The results of the clinical trial, published in the New England Journal of Medicine, found that cognitive decline was 27% slower over 18 months in people who received lecanemab compared to those who did not receive the treatment. The study was funded by Biogen and Eisai.

Cognitive decline was measured using a system called the Clinical Dementia Score, which is an 18-point scale with a higher score indicating a greater level of impairment. It measures cognitive functions such as memory, judgment and problem solving.

Alzheimer’s disease progressed by an average of 1.21 points in the lecanemab group versus 1.66 points in the untreated group, a modest difference of 0.45 points.

Nearly 1,800 people aged 50 to 90 with early Alzheimer’s took part in the trial, about half of whom received lecanemab and half of whom did not.

Security concerns

Although lecanemab may slow cognitive decline somewhat, the treatment also carries risks.

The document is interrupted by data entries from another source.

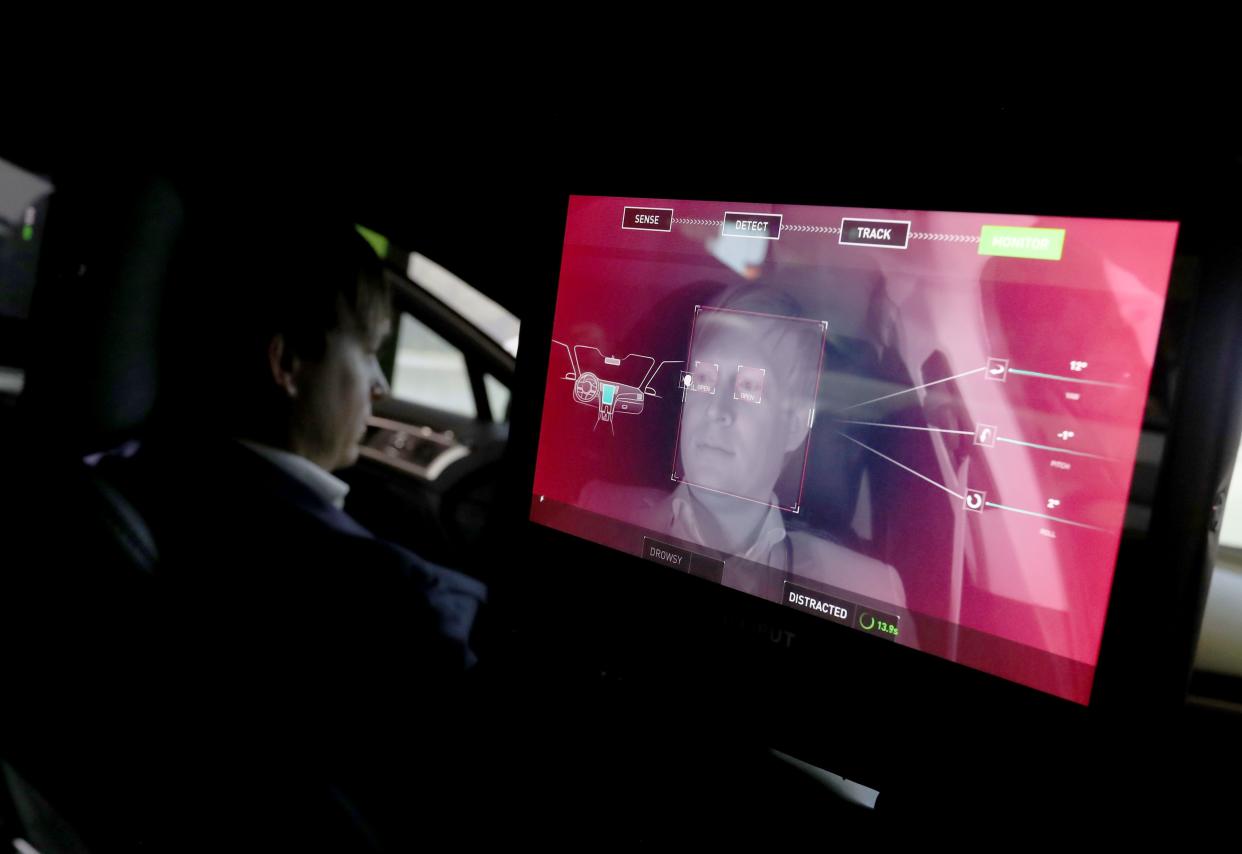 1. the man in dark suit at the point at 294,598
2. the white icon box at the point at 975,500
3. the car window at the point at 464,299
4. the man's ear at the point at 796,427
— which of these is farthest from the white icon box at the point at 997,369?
the car window at the point at 464,299

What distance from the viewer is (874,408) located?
3.35 feet

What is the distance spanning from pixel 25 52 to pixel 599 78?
1.50m

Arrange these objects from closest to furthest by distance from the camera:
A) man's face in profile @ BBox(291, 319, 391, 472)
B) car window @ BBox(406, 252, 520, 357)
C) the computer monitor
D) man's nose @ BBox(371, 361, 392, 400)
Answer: the computer monitor → man's face in profile @ BBox(291, 319, 391, 472) → man's nose @ BBox(371, 361, 392, 400) → car window @ BBox(406, 252, 520, 357)

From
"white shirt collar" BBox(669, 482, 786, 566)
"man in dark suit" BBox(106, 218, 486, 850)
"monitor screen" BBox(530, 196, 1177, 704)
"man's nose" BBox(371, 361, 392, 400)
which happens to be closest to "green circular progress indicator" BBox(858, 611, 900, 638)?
"monitor screen" BBox(530, 196, 1177, 704)

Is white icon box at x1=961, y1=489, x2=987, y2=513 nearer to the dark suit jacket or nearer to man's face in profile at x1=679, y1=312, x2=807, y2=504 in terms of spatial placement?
man's face in profile at x1=679, y1=312, x2=807, y2=504

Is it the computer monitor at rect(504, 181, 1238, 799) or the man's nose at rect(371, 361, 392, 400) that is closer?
the computer monitor at rect(504, 181, 1238, 799)

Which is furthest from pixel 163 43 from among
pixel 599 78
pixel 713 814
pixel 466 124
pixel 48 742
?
pixel 713 814

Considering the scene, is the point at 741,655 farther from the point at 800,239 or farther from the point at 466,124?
the point at 466,124

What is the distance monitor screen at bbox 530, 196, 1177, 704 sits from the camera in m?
0.88

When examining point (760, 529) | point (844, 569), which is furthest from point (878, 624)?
point (760, 529)

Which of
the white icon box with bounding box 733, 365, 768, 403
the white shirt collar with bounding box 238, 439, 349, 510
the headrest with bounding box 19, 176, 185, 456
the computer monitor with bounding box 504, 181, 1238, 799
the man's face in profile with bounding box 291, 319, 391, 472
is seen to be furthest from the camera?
the man's face in profile with bounding box 291, 319, 391, 472

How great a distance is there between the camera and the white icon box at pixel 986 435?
36.5 inches

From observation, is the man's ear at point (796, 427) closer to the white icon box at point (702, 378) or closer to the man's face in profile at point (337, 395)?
the white icon box at point (702, 378)

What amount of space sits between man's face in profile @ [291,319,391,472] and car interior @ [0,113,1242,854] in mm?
194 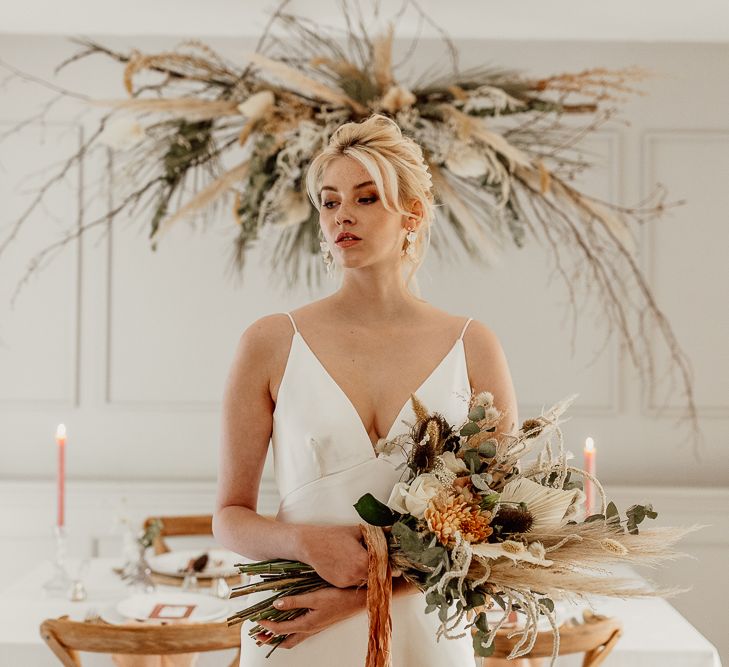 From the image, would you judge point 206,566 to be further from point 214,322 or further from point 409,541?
point 409,541

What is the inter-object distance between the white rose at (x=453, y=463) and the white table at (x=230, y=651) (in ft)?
3.15

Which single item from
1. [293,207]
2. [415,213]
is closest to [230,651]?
[415,213]

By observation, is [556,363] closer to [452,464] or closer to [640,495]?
[640,495]

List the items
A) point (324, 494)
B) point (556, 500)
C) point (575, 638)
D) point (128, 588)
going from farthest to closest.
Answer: point (128, 588) → point (575, 638) → point (324, 494) → point (556, 500)

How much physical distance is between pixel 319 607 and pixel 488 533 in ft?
1.01

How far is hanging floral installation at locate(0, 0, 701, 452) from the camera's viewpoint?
9.32 ft

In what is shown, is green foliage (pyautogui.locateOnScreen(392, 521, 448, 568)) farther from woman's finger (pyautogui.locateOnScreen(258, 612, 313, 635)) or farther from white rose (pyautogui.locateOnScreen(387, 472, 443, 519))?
woman's finger (pyautogui.locateOnScreen(258, 612, 313, 635))

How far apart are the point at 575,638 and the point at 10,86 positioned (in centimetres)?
273

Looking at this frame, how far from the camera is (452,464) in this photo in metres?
1.17

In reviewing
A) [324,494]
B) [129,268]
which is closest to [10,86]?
[129,268]

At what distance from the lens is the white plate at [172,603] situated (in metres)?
2.09

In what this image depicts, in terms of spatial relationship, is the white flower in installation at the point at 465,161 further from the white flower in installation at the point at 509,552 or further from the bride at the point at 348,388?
the white flower in installation at the point at 509,552

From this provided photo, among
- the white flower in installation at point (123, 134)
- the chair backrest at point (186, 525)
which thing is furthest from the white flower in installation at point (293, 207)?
the chair backrest at point (186, 525)

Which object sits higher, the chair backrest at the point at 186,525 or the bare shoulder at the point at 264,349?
the bare shoulder at the point at 264,349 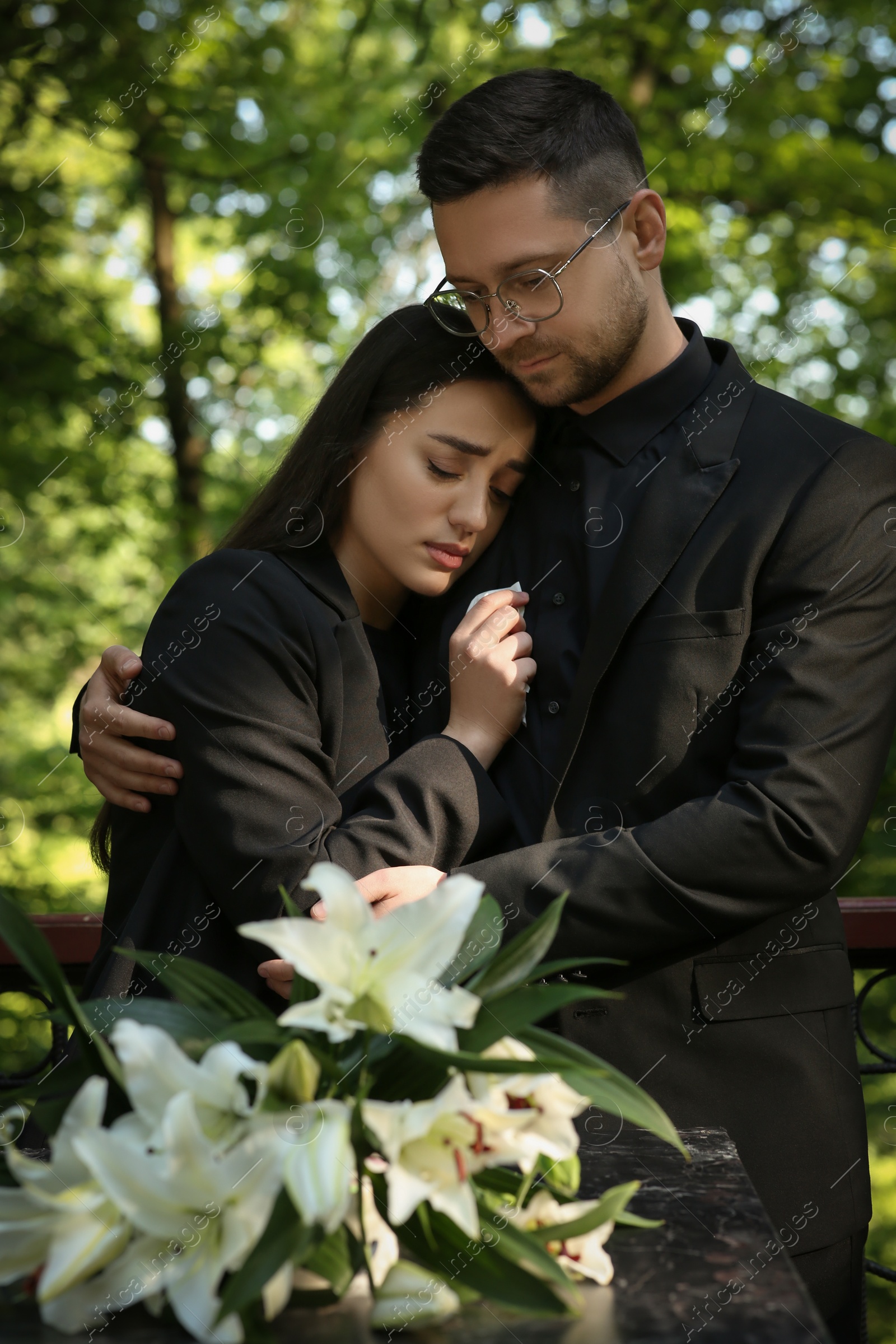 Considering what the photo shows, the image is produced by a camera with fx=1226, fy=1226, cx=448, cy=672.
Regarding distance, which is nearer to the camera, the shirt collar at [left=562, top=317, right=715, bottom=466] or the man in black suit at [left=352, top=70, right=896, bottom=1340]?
the man in black suit at [left=352, top=70, right=896, bottom=1340]

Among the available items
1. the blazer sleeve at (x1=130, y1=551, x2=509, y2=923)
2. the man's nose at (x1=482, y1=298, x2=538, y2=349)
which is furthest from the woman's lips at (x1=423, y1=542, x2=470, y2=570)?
the man's nose at (x1=482, y1=298, x2=538, y2=349)

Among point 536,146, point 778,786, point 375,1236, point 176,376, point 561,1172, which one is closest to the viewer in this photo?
point 375,1236

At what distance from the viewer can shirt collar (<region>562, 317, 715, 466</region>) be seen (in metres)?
2.22

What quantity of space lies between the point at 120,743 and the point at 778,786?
1063mm

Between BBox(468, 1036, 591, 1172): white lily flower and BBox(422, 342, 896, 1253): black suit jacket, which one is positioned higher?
BBox(468, 1036, 591, 1172): white lily flower

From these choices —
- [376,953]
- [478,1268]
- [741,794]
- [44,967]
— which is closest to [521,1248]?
[478,1268]

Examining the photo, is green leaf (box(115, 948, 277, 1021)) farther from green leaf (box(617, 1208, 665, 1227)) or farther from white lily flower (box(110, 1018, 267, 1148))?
green leaf (box(617, 1208, 665, 1227))

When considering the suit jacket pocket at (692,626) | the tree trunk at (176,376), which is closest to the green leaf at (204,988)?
the suit jacket pocket at (692,626)

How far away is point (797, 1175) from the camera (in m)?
1.84

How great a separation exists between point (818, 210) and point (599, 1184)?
608cm

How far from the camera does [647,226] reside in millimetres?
2230

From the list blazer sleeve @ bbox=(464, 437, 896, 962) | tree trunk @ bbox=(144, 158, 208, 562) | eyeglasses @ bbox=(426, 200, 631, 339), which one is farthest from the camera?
tree trunk @ bbox=(144, 158, 208, 562)

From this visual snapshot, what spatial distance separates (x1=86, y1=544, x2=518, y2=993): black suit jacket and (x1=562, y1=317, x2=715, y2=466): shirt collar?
58cm

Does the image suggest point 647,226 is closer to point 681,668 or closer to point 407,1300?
point 681,668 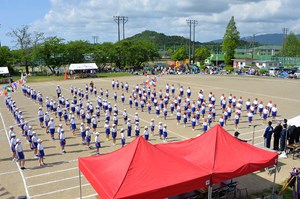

Almost 13% of those who received lecanemab developed brain swelling compared with about 2% of the untreated group. However, most of these cases were mild to moderate in severity, caused no symptoms, and usually resolved within four months.

About 3% of patients who received lecanemab had more severe brain swelling with symptoms that included headache, visual disturbances and confusion.

About 17 percent of those who received lecanemab had brain bleeding, compared with 9 percent of the group that did not take the treatment. The most common symptoms associated with bleeding were dizziness.

Overall, 14% of people who received lecanemab experienced serious adverse events in the clinical trial, compared with 11% of those who did not receive treatment.

Longer clinical trials are needed to determine the efficacy and safety of lecanemab in patients with early Alzheimer’s disease, the study authors said.

The FDA said the prescribing information for lecanemab will include a warning about the risk of swelling and bleeding, commonly known as amyloid-related imaging abnormalities.

The death of a clinical trial participant in the Chicago area may also be linked to lecanemab, according to a research letter published in the New England Journal of Medicine this week.

The 65-year-old suffered a stroke and was hospitalized four days after the third infusion of lecanemab. A CT scan performed after the patient’s stroke found extensive bleeding in the brain. An MRI done 81 days before the stroke had found no bleeding.

The patient had also received a drug, called t-PA, used to break up blood clots that cause strokes. But extensive brain bleeding would be an unusual complication of this drug alone, according to the doctors who wrote the research letter.

Researchers involved in the lecanemab clinical trial, in a response letter, argued that the blood-clotting medication appeared to be the immediate cause of the patient’s death, with the first symptoms occurring 8 minutes after receiving an infusion of the blood clot destroyer.